An open-source multi-cluster Kubernetes management platform that provides a unified dashboard for deploying, managing, and monitoring clusters across any infrastructure.
Table of Contents#
- Overview
- Architecture
- Installation
- Post-Installation Setup
- Cluster Management
- RBAC and User Management
- External Authentication
- Application Deployment
- Backup and Restore
- Upgrading Rancher
- Troubleshooting
- See Also
- Sources
1. Overview#
Rancher provides a management layer on top of Kubernetes clusters, unifying operations across on-premise, cloud, and edge environments. It handles cluster provisioning, user authentication, monitoring, alerting, and application cataloging from a single interface.
Key features:
- Multi-cluster management - manage any CNCF-conformant Kubernetes cluster from one dashboard
- Cluster provisioning - create clusters on bare metal (RKE2/K3s), cloud providers (EKS, AKS, GKE), or vSphere
- Application catalog - deploy Helm charts from the built-in catalog or custom repositories
- RBAC - fine-grained role-based access control integrated with external identity providers
- Monitoring - built-in Prometheus/Grafana stack deployment
- CIS scanning - Kubernetes security benchmark scanning
- Continuous delivery - integrated Fleet for GitOps at scale
2. Architecture#
| Component | Role |
|---|---|
| Rancher Server | Central management server (runs as a Deployment in a Kubernetes cluster) |
| Rancher Agent | Runs on each managed cluster; connects back to the Rancher server |
| Authentication Proxy | Handles SSO, LDAP, SAML, and local auth |
| Cluster Controller | Manages the lifecycle of downstream clusters |
| Fleet | Built-in GitOps engine for continuous delivery |
| Webhook | Validates and mutates resources per Rancher policies |
Rancher itself runs on a "local" Kubernetes cluster (often called the management cluster) and manages "downstream" clusters. The downstream clusters do not require direct network access; agents initiate outbound connections to the Rancher server.
3. Installation#
3.1 Prerequisites#
- A Kubernetes cluster for the Rancher server (RKE2, K3s, or any conformant cluster)
- Helm 3
kubectlconfigured for the management cluster- A DNS name for Rancher (e.g.,
rancher.<domain>) - TLS certificate (cert-manager, own certificate, or Let's Encrypt)
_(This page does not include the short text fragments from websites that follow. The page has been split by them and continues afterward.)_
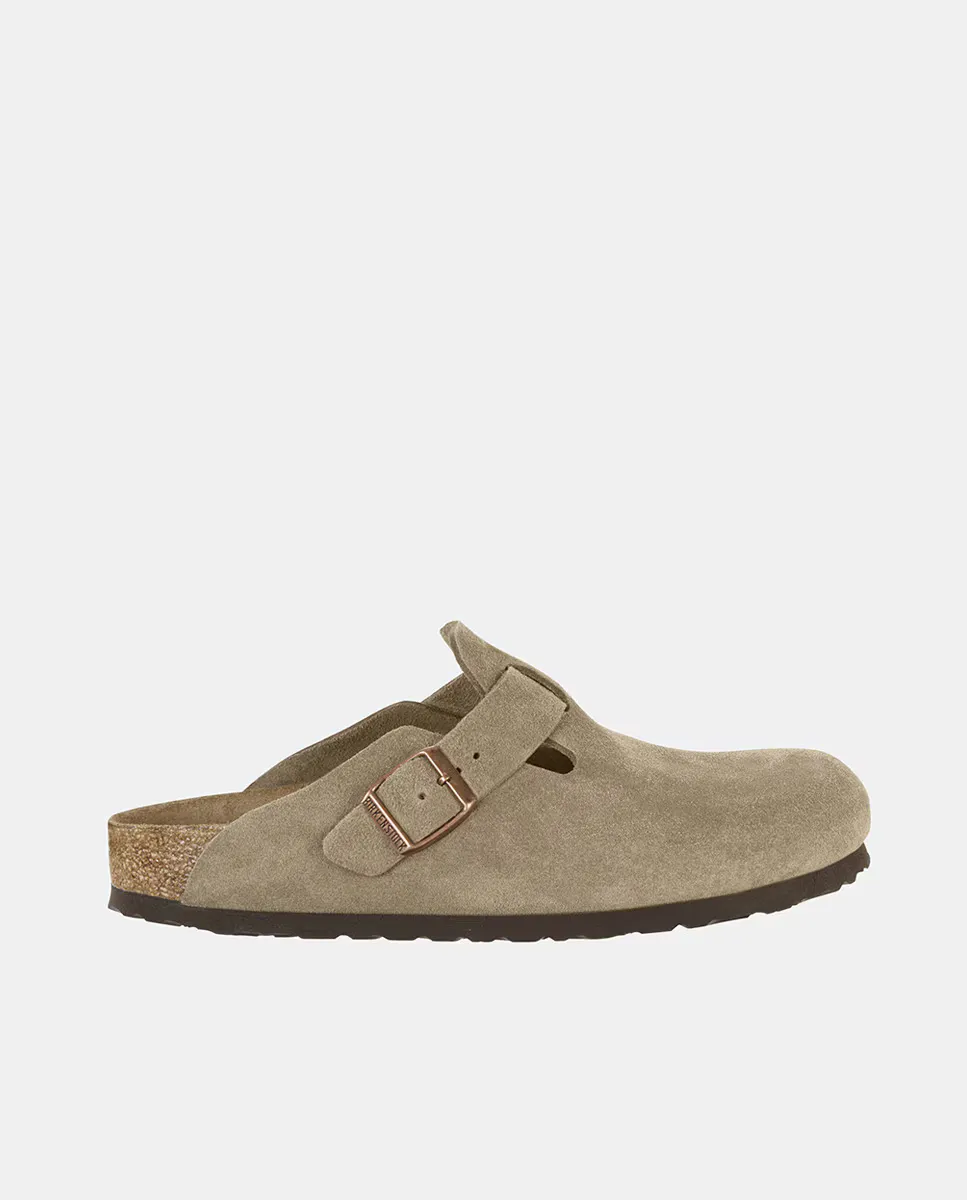 

Женские сабо из серо-коричневой замши Birkenstock, цвет Topo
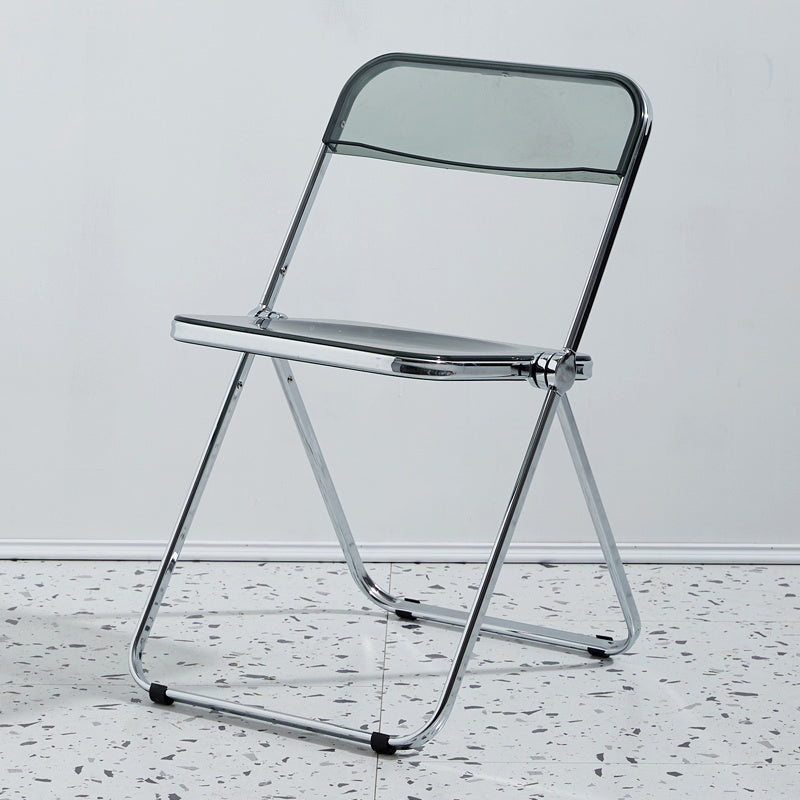 Chaise latérale de maison contemporaine en métal pliante, chaise latérale de salle à manger à dossier ouvert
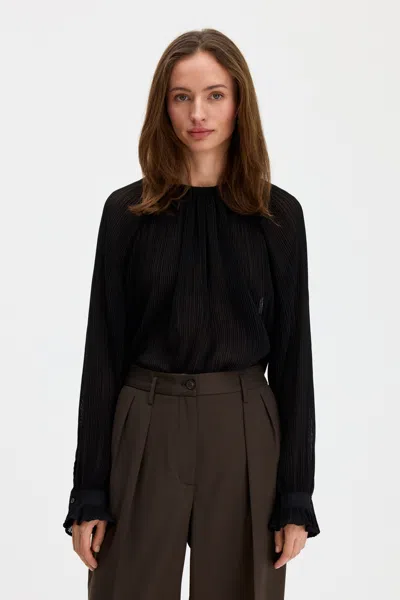 Filippa K Plissé Raglan Blouse In Black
3.2 Install cert-manager (if using Rancher-generated or Let's Encrypt certs)#
kubectl apply -f https://github.com/cert-manager/cert-manager/releases/download/v1.16.2/cert-manager.crds.yaml
helm repo add jetstack https://charts.jetstack.io
helm repo update
helm install cert-manager jetstack/cert-manager \
--namespace cert-manager \
--create-namespace \
--version v1.16.23.3 Add the Rancher Helm Repository#
Choose a release channel:
| Channel | Repository URL | Use case |
|---|---|---|
| Latest | https://releases.rancher.com/server-charts/latest | Development, testing |
| Stable | https://releases.rancher.com/server-charts/stable | Production |
| Alpha | https://releases.rancher.com/server-charts/alpha | Experimental features |
helm repo add rancher-stable https://releases.rancher.com/server-charts/stable
helm repo update3.4 Create the Namespace#
kubectl create namespace cattle-system3.5 Install Rancher#
With Rancher-generated certificates (cert-manager):
helm install rancher rancher-stable/rancher \
--namespace cattle-system \
--version 2.10.3 \
--set hostname=rancher.<domain> \
--set replicas=3 \
--set bootstrapPassword=<initial-password>With Let's Encrypt:
helm install rancher rancher-stable/rancher \
--namespace cattle-system \
--version 2.10.3 \
--set hostname=rancher.<domain> \
--set replicas=3 \
--set ingress.tls.source=letsEncrypt \
--set letsEncrypt.email=<your-email> \
--set letsEncrypt.ingress.class=nginx \
--set bootstrapPassword=<initial-password>With your own certificate:
kubectl -n cattle-system create secret tls tls-rancher-ingress \
--cert=<tls-cert-path> \
--key=<tls-key-path>
helm install rancher rancher-stable/rancher \
--namespace cattle-system \
--version 2.10.3 \
--set hostname=rancher.<domain> \
--set replicas=3 \
--set ingress.tls.source=secret \
--set privateCA=true \
--set bootstrapPassword=<initial-password>3.6 Verify Installation#
kubectl -n cattle-system rollout status deploy/rancher
kubectl -n cattle-system get podsWait until all pods are Running and the rollout is complete.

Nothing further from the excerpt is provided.